- [Task]
Starting with the line that contains "981301-x_1_1920x1920", give again exactly and only each line through the end of the records; include the last line and exclude pictures.

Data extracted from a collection

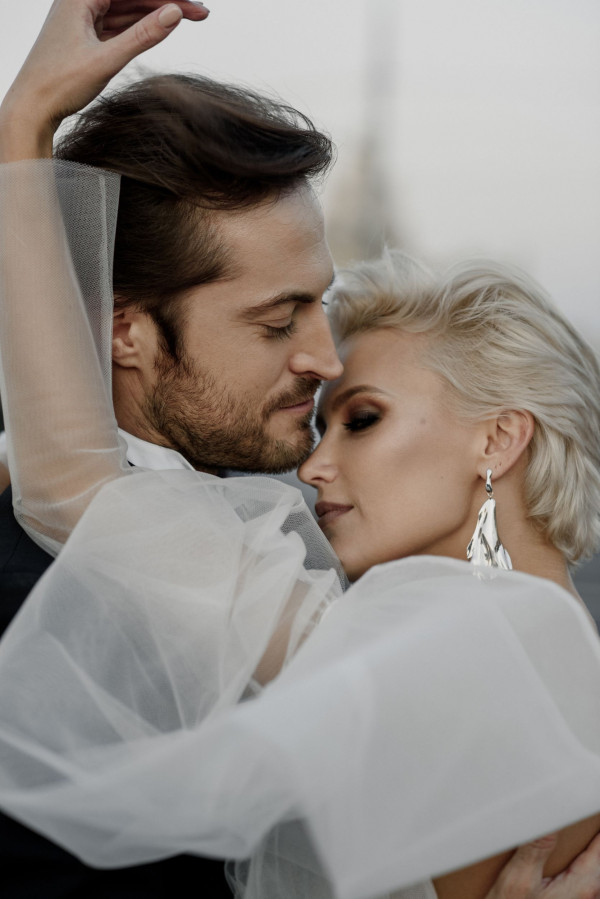 Агентства CELEBRATE IT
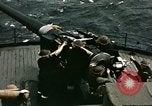 Standbild britischen Matrosen Mittelmeer, 1942, aus Sekunde 27 historischem Filmmaterial Videoclip 65675020514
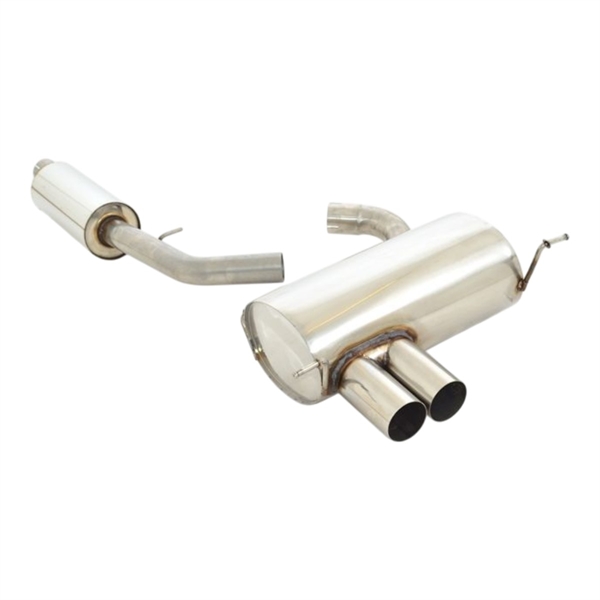 981301-x_1_1920x1920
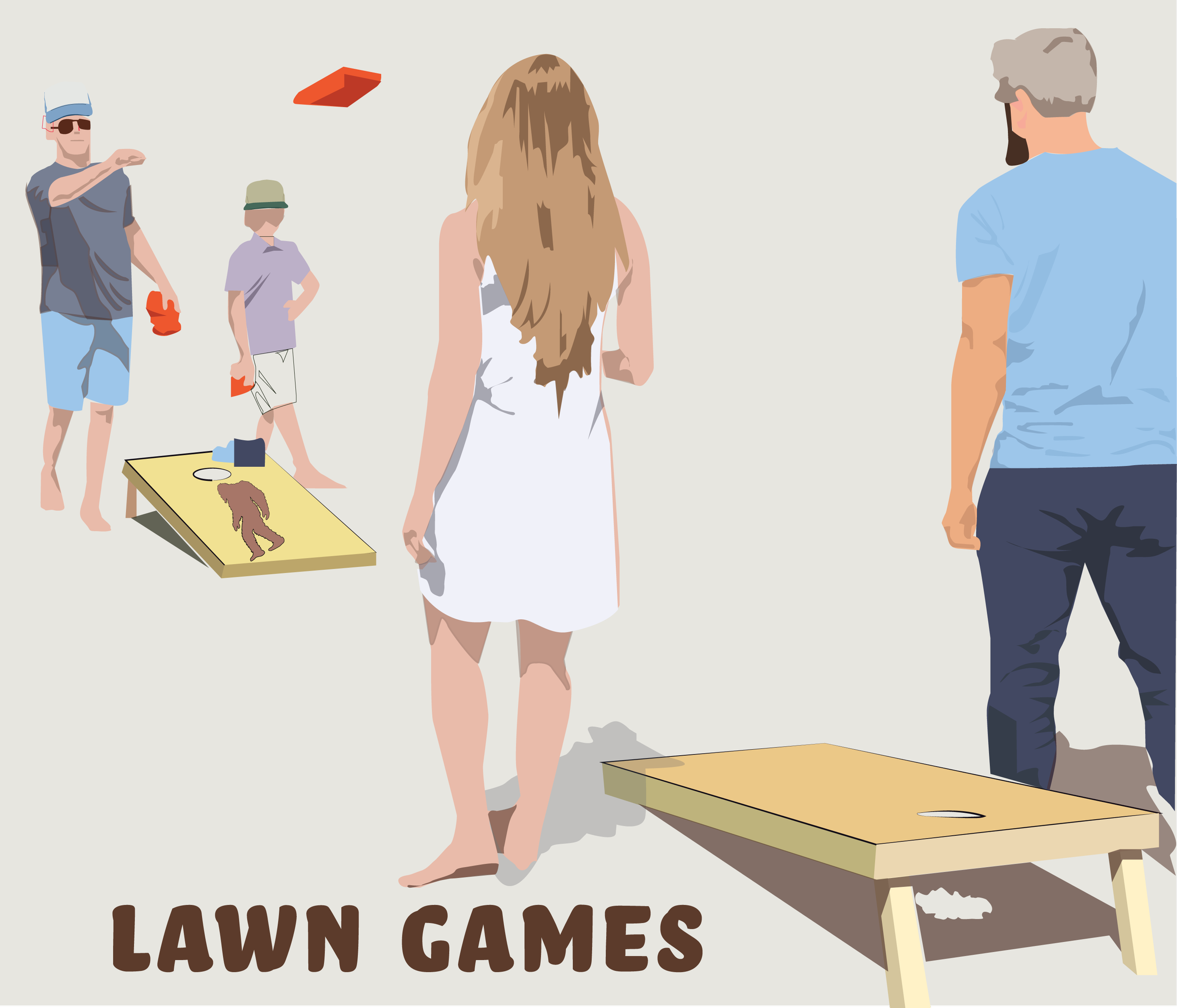 campgroundiconsLawnGames.png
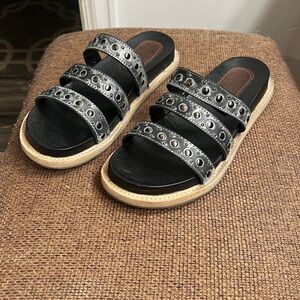 Florence by Freebird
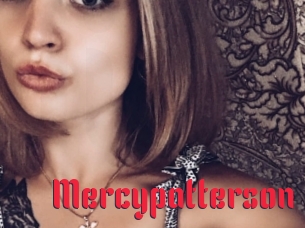 Mercypatterson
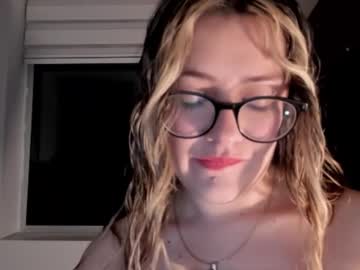 Profile of miss_ema1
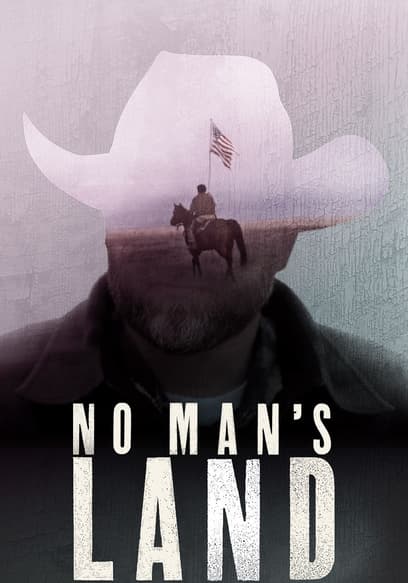 No Man's Land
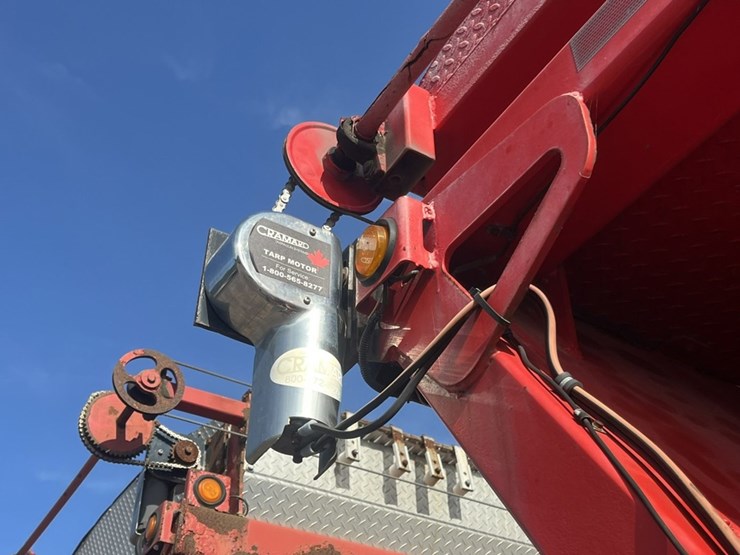 #1705-•-2002-abs-abs-live-bottom-trailer-image-18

- [Worked solution]
 981301-x_1_1920x1920
 campgroundiconsLawnGames.png
 Florence by Freebird
 Mercypatterson
 Profile of miss_ema1
 No Man's Land
 #1705-•-2002-abs-abs-live-bottom-trailer-image-18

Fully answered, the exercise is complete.